Thursday, December 1, 2011

Gospel Blue reviewed by Mark Thompson

Gospel Blue
Brick Fields
10 tracks/48:15

Based out of Eureka Springs, Arkansas, Brick Fields is a six member band lead by the husband and wife team of Rachel a & Larry Brick. The group is unique in several ways. First, the nine tunes written by the couple have lyrical content heavily influenced by their Christian faith. Next, Rachel Brick plays flute -an instrument rarely associated with blues - on several tracks. The final defining characteristic of this ensemble is Rachel's magnificent alto voice that is capable of turning anything she sings into a memorable experience.

“On the Vine” opens the disc with Rachel joyfully espousing the value of holding on to the promise from Jesus that love will grow through the hardest times if we keep our faith. Larry, Rachel and Rain Equine combine their voices on a beautiful acappella segment to open “In the Light of Love”. Rachel's flute serves as a counterpoint to her dynamic vocal and Casey Terry accentuates the arrangement with one of his engaging sax solos. Larry's sensitive acoustic guitar accompaniment on “Hopelessly Addicted” serves as a springboard for more of Rachel's earthy vocalization on love in it's many forms.

The rhythm section of Johnny Ray on bass and Caleb Bomar on drums create a funky backbeat on “Talk About the Weather” while Terry delivers another solid tenor sax solo. Rachel can barely control her passion as she sings about the impending final reckoning on “These Are the Days”. The band slows the pace on the ballad, “How Long”, which is not the classic blues tune but an original that finds Rachel interspersing tender moments with emphatic statements that blur the lines between the secular and spiritual realms. Another highlight is “Cryin'” as Rachel pours her heart out over the misery of life with Randy Fairbanks on organ adding depth while Larry plays a short but dramatic guitar solo.

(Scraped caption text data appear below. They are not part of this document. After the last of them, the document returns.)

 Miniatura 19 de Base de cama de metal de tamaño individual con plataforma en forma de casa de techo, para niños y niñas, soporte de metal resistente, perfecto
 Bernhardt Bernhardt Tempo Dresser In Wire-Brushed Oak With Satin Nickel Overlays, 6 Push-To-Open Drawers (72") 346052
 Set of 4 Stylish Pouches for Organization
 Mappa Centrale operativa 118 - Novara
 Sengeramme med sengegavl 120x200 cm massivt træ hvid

“Go On with the Soul” finds Rachel as she utilizing every facet of her powerful voice as it dips and soars through the gentle gospel ballad. Larry's tasty guitar work and Terry's sax stand out on the up-tempo workout “Lord I'm Coming Home”. The lone cover is the gospel standard “Amazing Grace”. The band uses a bluesier arrangement which surprising falls short of energy and conviction found on the rest of the disc, although Fairbanks on organ adds some sense of church.

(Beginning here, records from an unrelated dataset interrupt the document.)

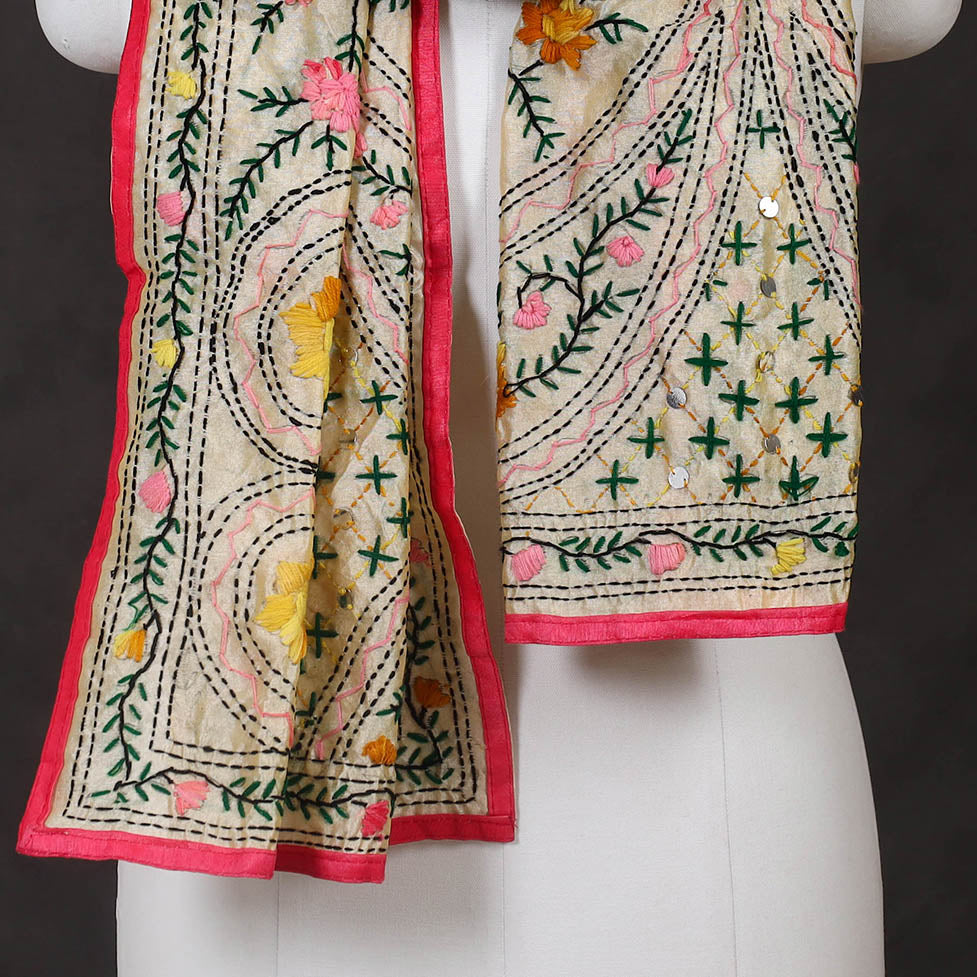 Red - ranihati chanderi silk hand embroidered stole 11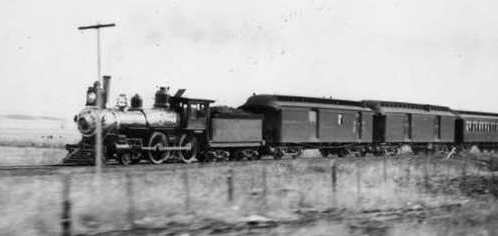 A passenger train on the Atchison Topeka & Santa Fe Railway c1890
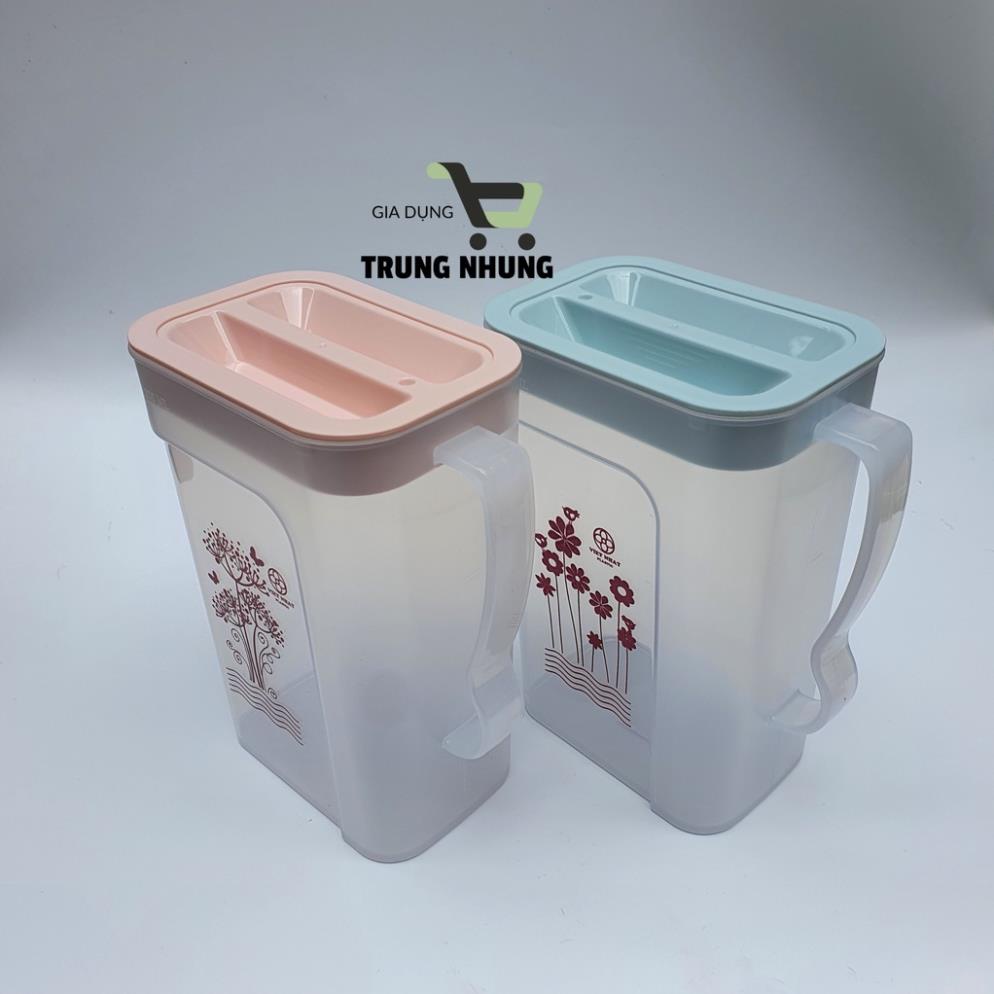 Bình nước nhựa, bình đựng nước để bàn, ca vuông 1,8lít 6082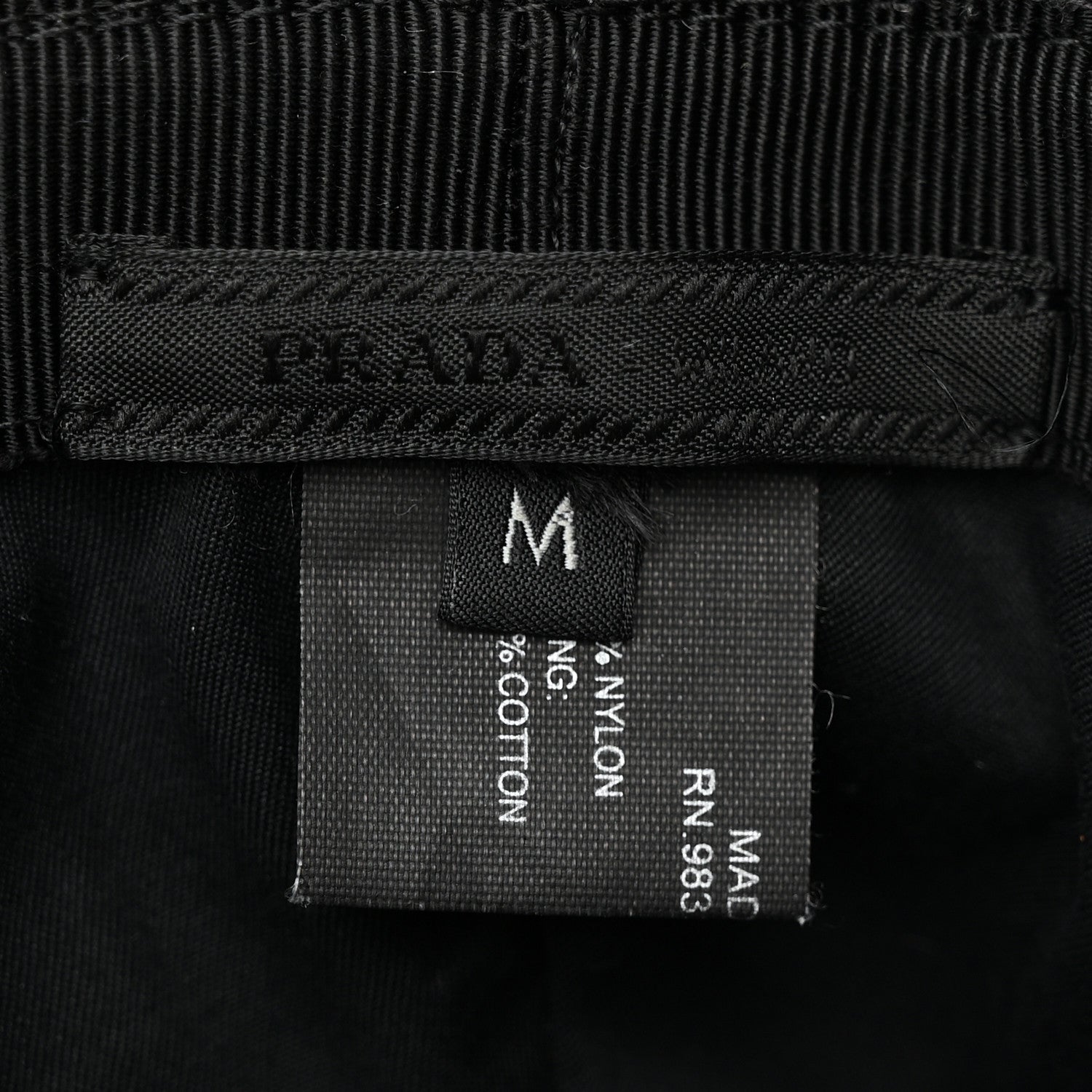 Prada Re-Nylon Metal Triangle Logo Womens Bucket Hat M Black 7 of 7
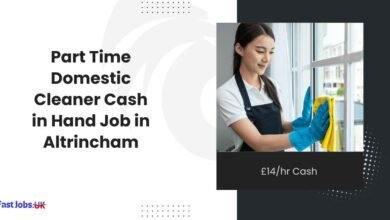 Part Time Domestic Cleaner Cash in Hand Job in Altrincham £14hr Cash Flexible Days
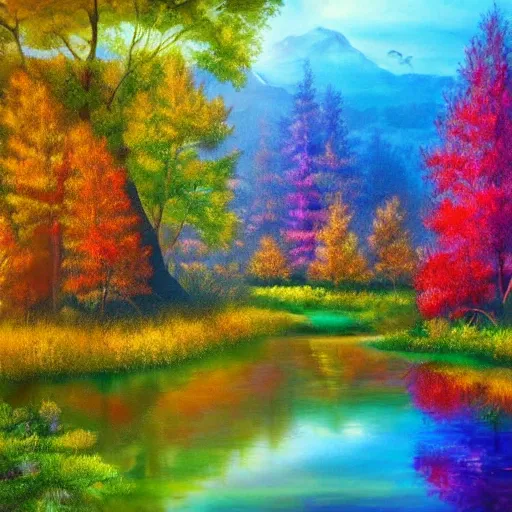 Image similar to colorful forest lake, realistic, detailed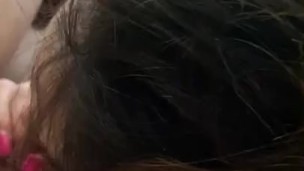 GORGEOUS TATTOOED BRUNETTE SUCKS COCK PASSIONATELY AND THEN GETS HER PUSSY SLAMMED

Those of you who might be put off by the references to God, Jesus and religious beliefs should know that the lyrics on Gospel Blue are not always overt statements of faith. The songwriting often blurs the separation of the heaven and earth, so that the material can be enjoyed no matter what your beliefs. And once you hear Rachel Brick lift up her voice, it really doesn't matter what she is singing about. Her voice will comfort and soothe you while the band gives her expert support. If you enjoy outstanding singing, you need to check out this recording.